1. Relevant Background

Defendant proposed the court instruct the jury as follows: "During the trial, the prosecutor presented recordings of law enforcement interrogations of Terry Jones. In those interrogations, police and/or Terry Jones stated that Keith Jones is a career criminal, is crazy, did not act in self-defense, and that Terry Jones does not want to be locked up around him. Terry Jones also provided hearsay statements of Gloria Stevens, and stated that Oshry Elor looked like an angel. This evidence was admitted only [INSERT RATIONALE FOR ADMITTING THIS EVIDENCE HERE], not for the truth of the matter. Do not assume these statements are true. Do not consider these statements for any purpose other than [PERMISSIBLE PURPOSE]."

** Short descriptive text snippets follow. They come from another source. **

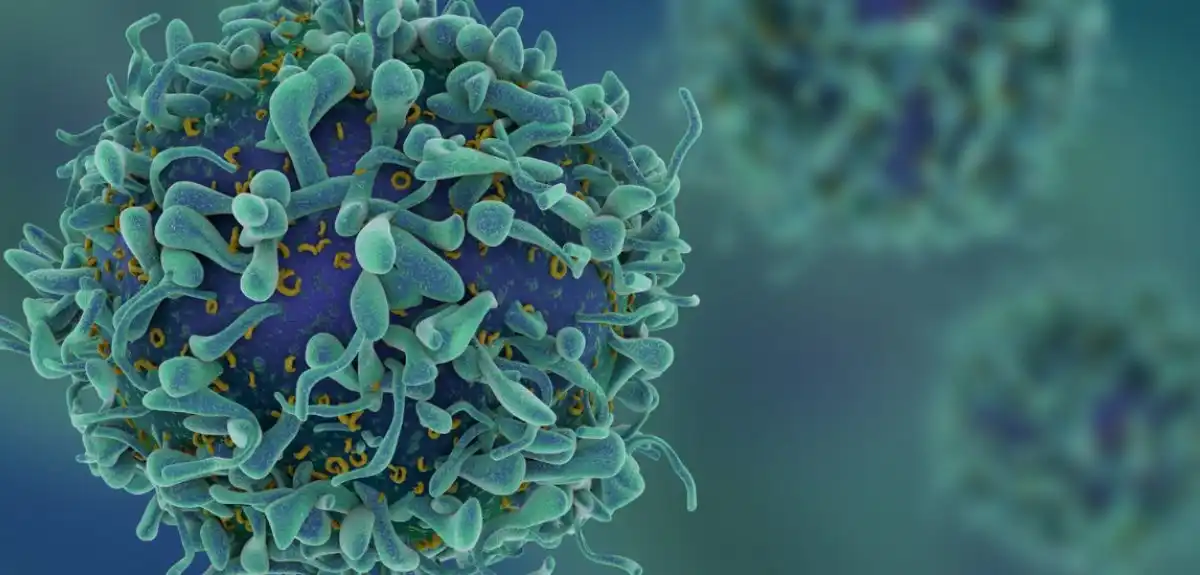 Cáncer de próstata Inteligencia Artificial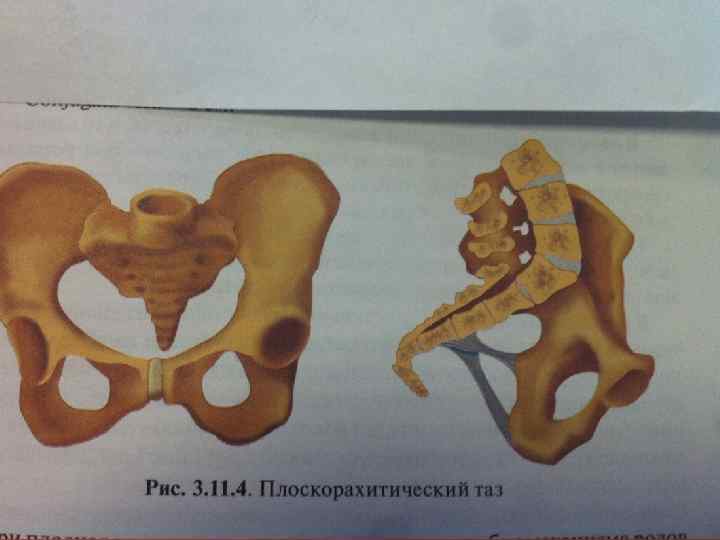 Узкий таз фото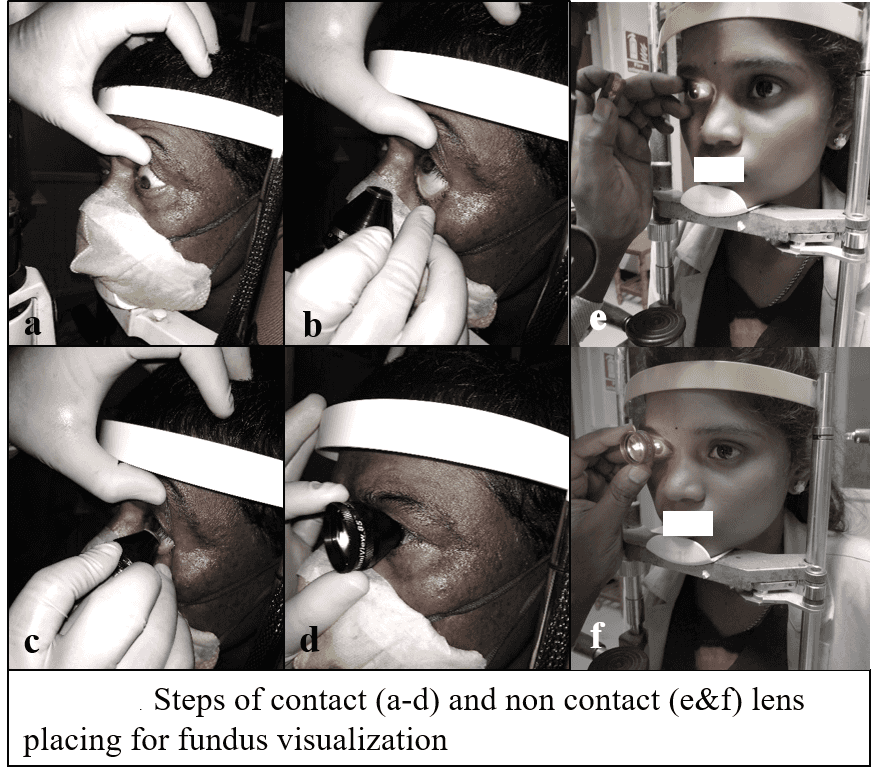 Imaging-and-Digital-Options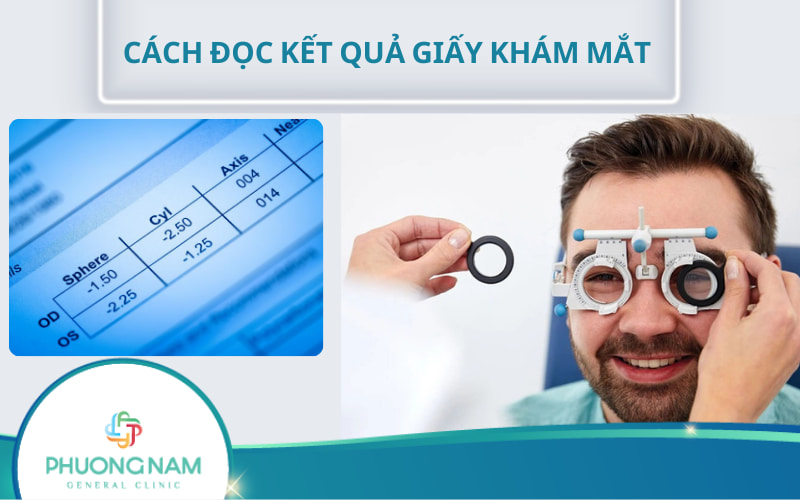 Cách đọc kết quả giấy khám mắt chính xác, nhanh chóng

During the discussion between the parties and the court regarding defendant's motion for mistrial, the court had explained its rationale for admitting the majority of the interview. The court stated, "[I]n th[is] case the defense was not simply attacking Terry Jones' statements to the police. [¶] There was the suggestion that he was fabricating his testimony because of immunity. There was indications [sic] that he changed his story from first to the second to the third interview. There is more than clear indication from the defense that they were not just attacking the statements of Terry Jones, but they were attacking the questions of the police, the way that police conducted the interview. The place, time, the manner, everything about the interview was being cross-examined.... [¶] . . . And remember the suggestion by the defense is that the police were lying to the witness to get him to say certain things to get him to go along with their story. And to then not let the jury hear the tactics used by the police when they were being accused of creating fabricated testimony is not exactly fair."

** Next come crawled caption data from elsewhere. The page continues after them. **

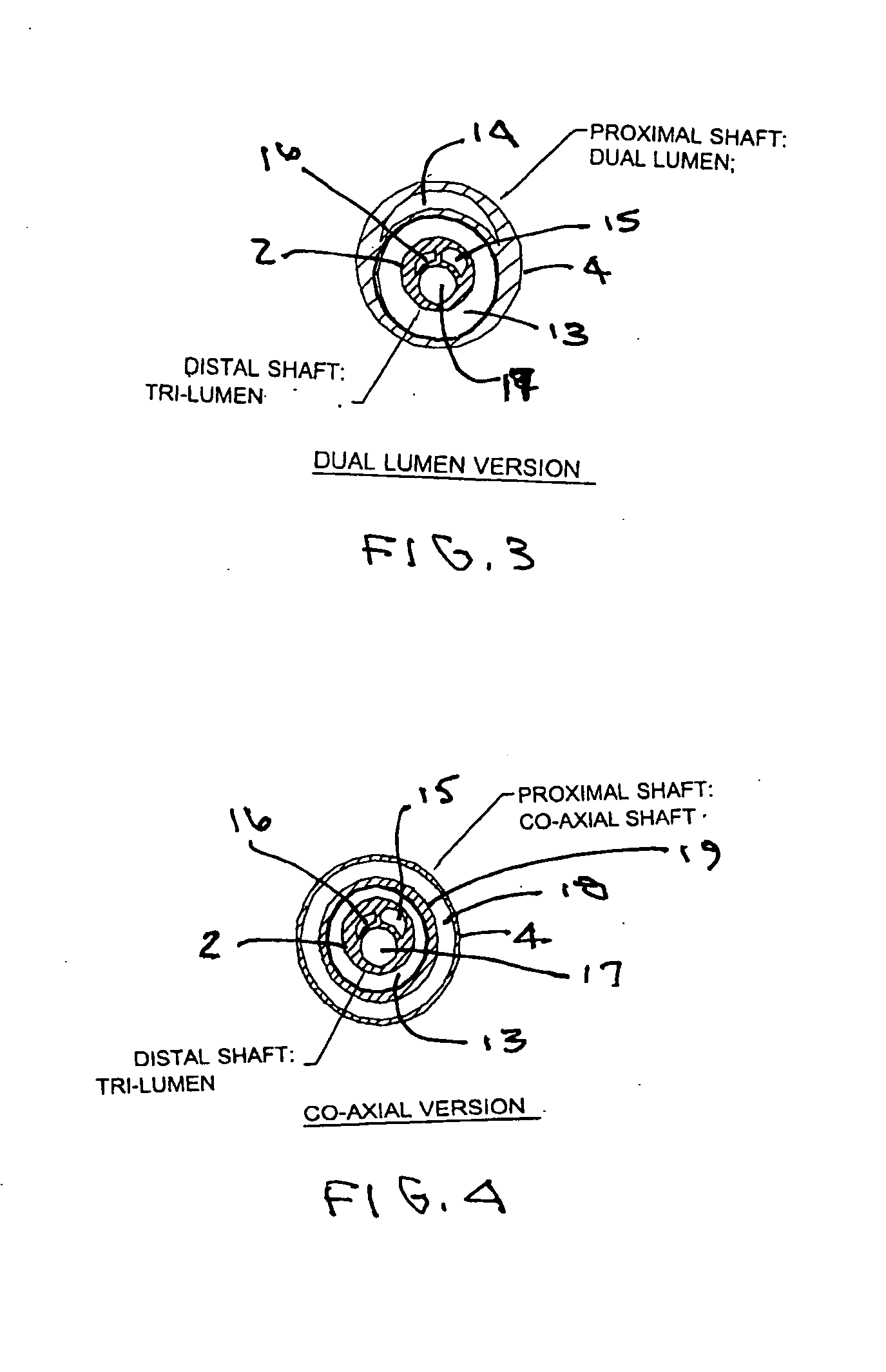 Method and apparatus for localized drug delivery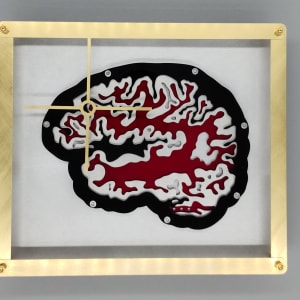 my stimulated brain 1/5 by Angela Ridgway 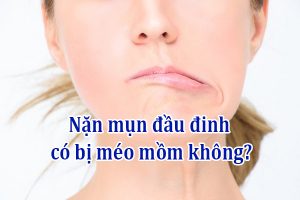 Nặn mụn đầu đinh có bị méo mồm không
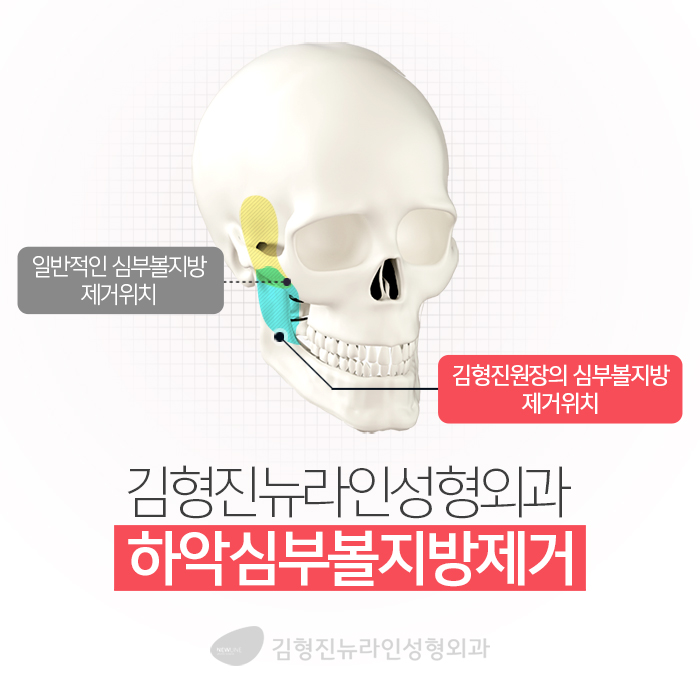 심부볼가격 아직도 싼 곳만 찾아요? 관련 이미지 4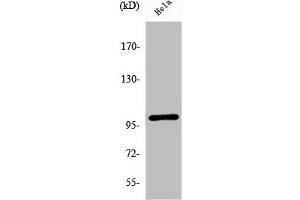 Western Blot analysis of HeLa cells using Phospho-NFκB-p105 (S893) Polyclonal Antibody (NFKB1 antibody  (pSer893))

At that instructional conference, defense counsel noted the court's rationale for admitting the police interview as providing context for the police tactics. Defendant thus requested "that the jury be instructed that those- that was the reason for admitting those particular pieces of evidence and they're not admitted for their truth."

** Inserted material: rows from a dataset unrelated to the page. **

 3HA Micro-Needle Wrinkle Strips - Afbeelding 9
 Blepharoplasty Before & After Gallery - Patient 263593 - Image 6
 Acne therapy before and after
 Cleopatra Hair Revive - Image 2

The court denied the request. It noted defendant highlighted in cross-examination that "police were using tactics to get somebody to change their story," and "you could point that out in your argument." The court also stated the phrase "career criminal" did not have any meaning to the jury and "prior instances of criminal conduct are to be used only for certain reasons, and . . . they've already been instructed with regards to use of that." Finally, the court explained, "With regards to [defendant] acting crazy or being crazy or being on methamphetamine, that's not character evidence. That's evidence of his actions at the time of these crimes but from the viewpoint of one of the co-conspirators" who was "able to be cross-examined."

2. Analysis

" '" '[I]n appropriate circumstances' a trial court may be required to give a requested jury instruction that pinpoints a defense theory of the case ...."' [Citation.] However, 'a trial court may properly refuse an instruction offered by the defendant if it incorrectly states the law, is argumentative, duplicative, or potentially confusing . . . or if it is not supported by substantial evidence.'" (People v. Brugman (2021) 62 Cal.App.5th 608, 621.)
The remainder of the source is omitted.